● WHAT YOU HAVE TO DO
In full and without alteration, print the records below, minus any images.

------------

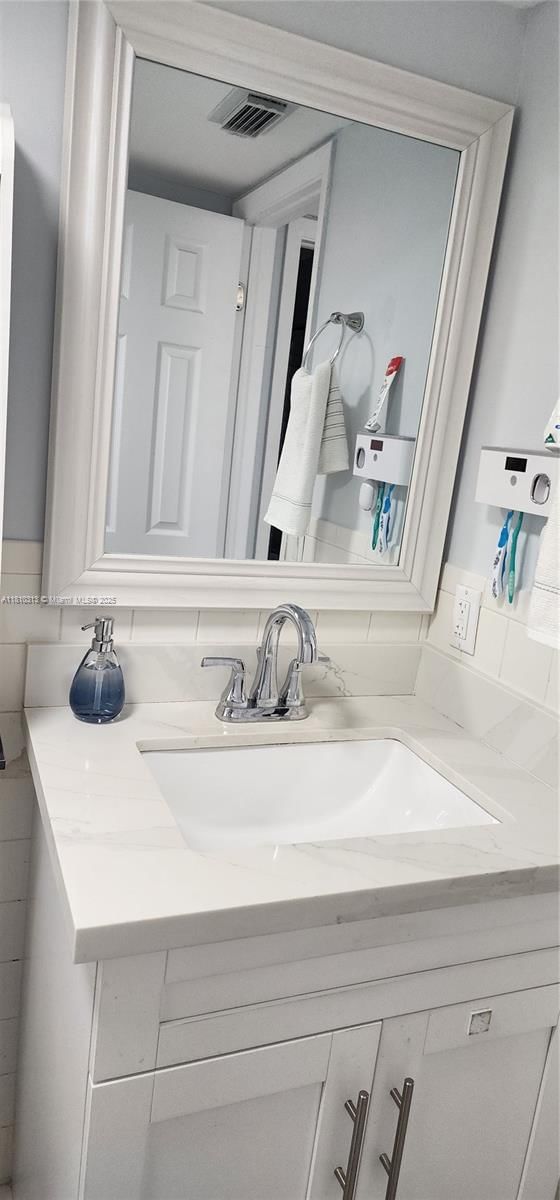 Real estate property located at 2985 80th St #110, Miami-dade, Poinciana West No 2 Condo, Hialeah, FL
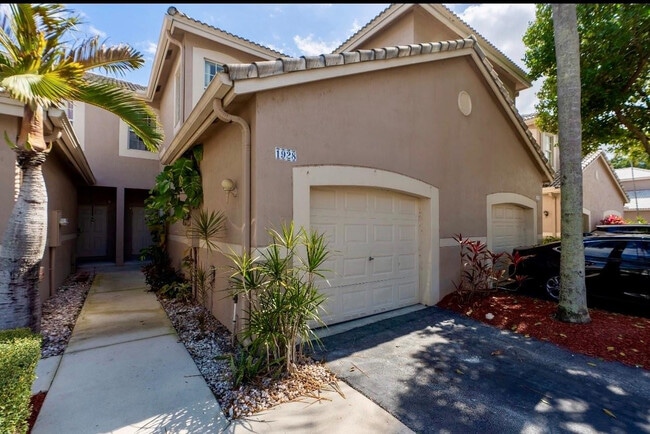 Foto del edificio - 1928 Madeira Dr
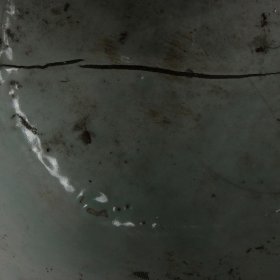 明洪武永乐时期釉里红缠枝莲花托八宝纹大罐 （有釉窑裂） 高35.2厘米 直径43厘米
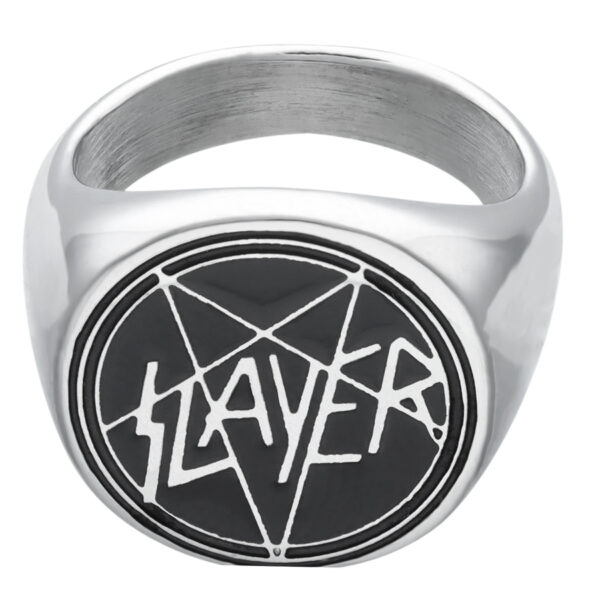 Anillo de sello plateado con logo negro de Slayer sobre fondo blanco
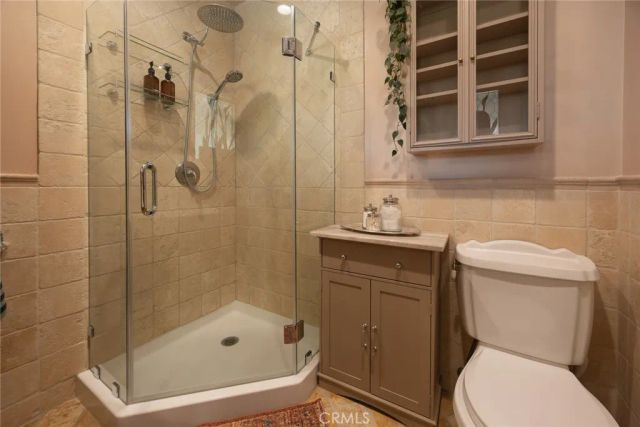 441 N Barranca, Glendora, CA 91741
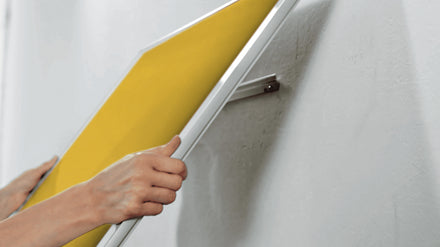 Nobo Pinnwand – Filz, Alurahmen – 89 × 50 cm, Gelb, Impression Pro Widescreen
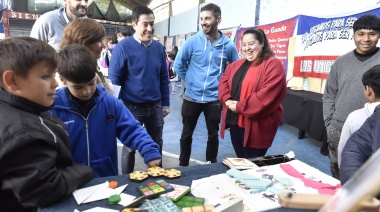 Leo Nardini realizó la entrega de kits didácticos para 11 centros socioeducativos de Malvinas Argentinas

------------

● SOLUTION FOR THIS EXERCISE
 Real estate property located at 2985 80th St #110, Miami-dade, Poinciana West No 2 Condo, Hialeah, FL
 Foto del edificio - 1928 Madeira Dr
 明洪武永乐时期釉里红缠枝莲花托八宝纹大罐 （有釉窑裂） 高35.2厘米 直径43厘米
 Anillo de sello plateado con logo negro de Slayer sobre fondo blanco
 441 N Barranca, Glendora, CA 91741
 Nobo Pinnwand – Filz, Alurahmen – 89 × 50 cm, Gelb, Impression Pro Widescreen
 Leo Nardini realizó la entrega de kits didácticos para 11 centros socioeducativos de Malvinas Argentinas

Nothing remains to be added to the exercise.